The Name Game – Keywording and Tagging in Lightroom | x=blog+stay+informed.

Here’s one of the most comprehensive discussions I have seen. But Brandon’s requirements are completely different to mine so he has taken a different approach.

It’s good that the keyword / tag concept is so flexible that it can accomodate everybody’s needs. But without a plan you end up with a mass of keywords and aren’t much the wiser.

I’ll write more about my scheme in another post. It seems to be standing the test of time in that I can keyword my photos now without finding I have to change the design. Lightroom’s “keyword suggestions” seem psychic sometimes – but at others remarkably dumb.
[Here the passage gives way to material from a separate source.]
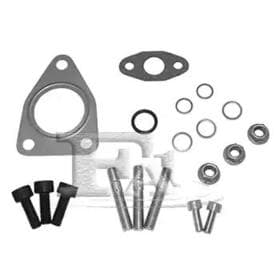 Монтажный комплект турбины Монтажный комплект турбины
Discussing Machine tags in the Flickr API

July 16, 2009

Flickr

The Flickr Developer blog here has a lot of discussion of the different ways machine tags are being used. Here is the official announcement.

The Trouble With Keywords

July 16, 2009

Is that they are typeless.

I guess I’d better explain that.

When you apply a keyword to an photograph or anything else it is a single value, usually a string. For example “Bangkok”.
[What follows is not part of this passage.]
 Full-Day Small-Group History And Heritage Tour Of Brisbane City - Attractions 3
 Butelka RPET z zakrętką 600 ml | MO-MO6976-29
That tells the person doing the search that the photo has something to do with Bangkok. That’s okay as far as it goes but what about “3”?

I have the keyword “3” several times in my Lightroom database. Sometimes it means a Mazda 3 car. Other times it refers to a bus on route #3. But that shows up in at least three bus companies I have pictures of.
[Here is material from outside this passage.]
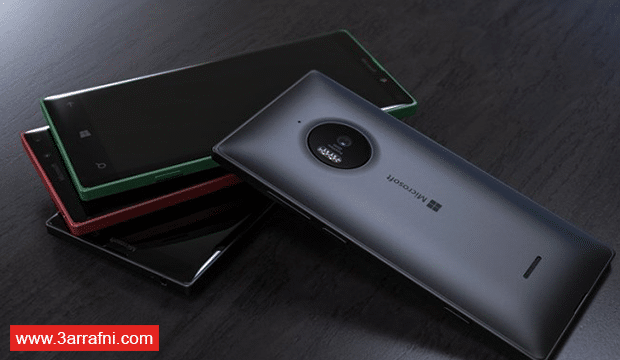 مراجعة عيوب ومُميزات ومواصفات هاتفى Lumia 950 & 950XL مع السعر (12)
In Lightroom it keeps track of the position of the keyword in the hierarchy I have built – aka nested keywords.

So I have

Vehicles-Manufacturers-Mazda-3

PSVs-Operators-Asia-Thailand-Bangkok MTA-routes-3

PSVs-Operators-Europe-England-London-Transport for London-routes-3

and I can distinguish them because of that hierarchy. But the hierarchy is lost when Lightroom exports the pictures, say to Flickr. On Flickr keywords (or tags as Flickr calls them) are just values with no structure. So I will just see “3” in Flickr’s tag list.

Combine that with the fact that many people don’t bother tagging their images, tag them inconsistently, mis-spell tags and even apply the same tags to all images whether they are relevant or not, tags are pretty useless for locating pictures.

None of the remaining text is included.